Tuesday, February 1, 2011

Writers Kit and Topic Generator

One of my nieces has an interest in writing and making her own funny zines so for Christmas last year we decided to gift her a homemade writing/zine making kit. This gift idea gave me the opportunity to browse through my favorite isle in every store; office supplies! After gathering up the essentials, (pencils, erasers, scissors, glue stick etc.) I put together a couple notebooks using sketching paper, scrapbook paper for the covers and embroidery thread for the binding. My favorite part of kit however is the topic generator game I created for her that she can use for brainstorming in those moments of writers block OR just as a story starter in a little creative writing sesh.

The topic generator includes instructions for playing and three flip books labeled 1, 2 and 3. Each book has 24 pages with one idea of something to write about per page. Book 1 has 24 nouns or subjects (a turtle, a toaster, the Easter Bunny, etc). Book 2 has 24 actions to write about (doing somersaults, planning a party, playing chess, etc). Book 3 had 24 places or locations to write about (the moon, a shoe store, a candy factory). In total, the three books provide 72 different topics of things to write about in various categories. That being said, the books can also be used together to make an entire topic sentence. Using the books this way will enable the user to create hundreds of story starters.

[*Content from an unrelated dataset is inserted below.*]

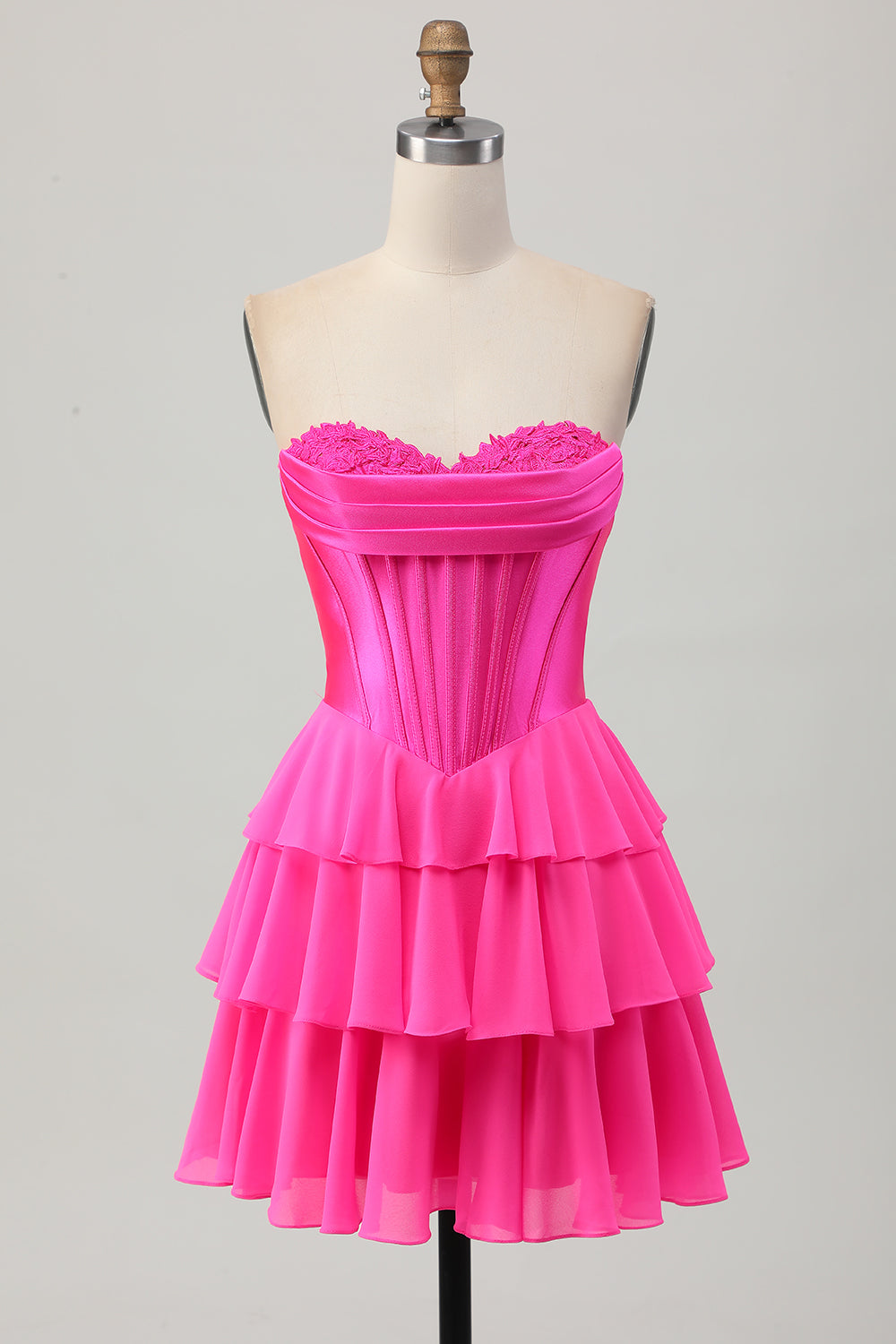 Fuchsia Corset Tiered A Line Strapless Homecoming Dress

Making a silly topic sentence requires three simple steps. 
Step 1: Flip open to any page of book 1 and write down the subject
Step 2: Flip open to any page of book 2 and write down the action next to the subject
Step 3: Flip open to any page of book 3 and write down the location next to the action

That's it! The user now has a topic sentence. The instructions also suggests adding prepositions in order to make a complete or proper sentence. So in the example shown here the sentence would read: The Easter Bunny playing chess inside a candy factory (the word "inside" being the preposition). Obviously the user can throw in a few adjectives here and there to give the sentence a little more pizazz. Maybe the sentence could read: The elderly Easter Bunny played chess with his imaginary pet squirrel in an abandoned candy factory. Make sense? Okay good!

After completing the game I packaged it up into a zip lock bag and added it to the rest of the kit. I wrapped a tag around the case as a giveaway to what was inside. I sort of wanted to keep this gift for my own writing sessions (I'm pretty nerdy about this stuff) but I kept the Christmas spirit and sent it off in the post.


  1. Great idea! Enjoyed reading this post as well as many others on your blog this morning.

  2. Do you have the topics/titles for the cards that you could possibly post?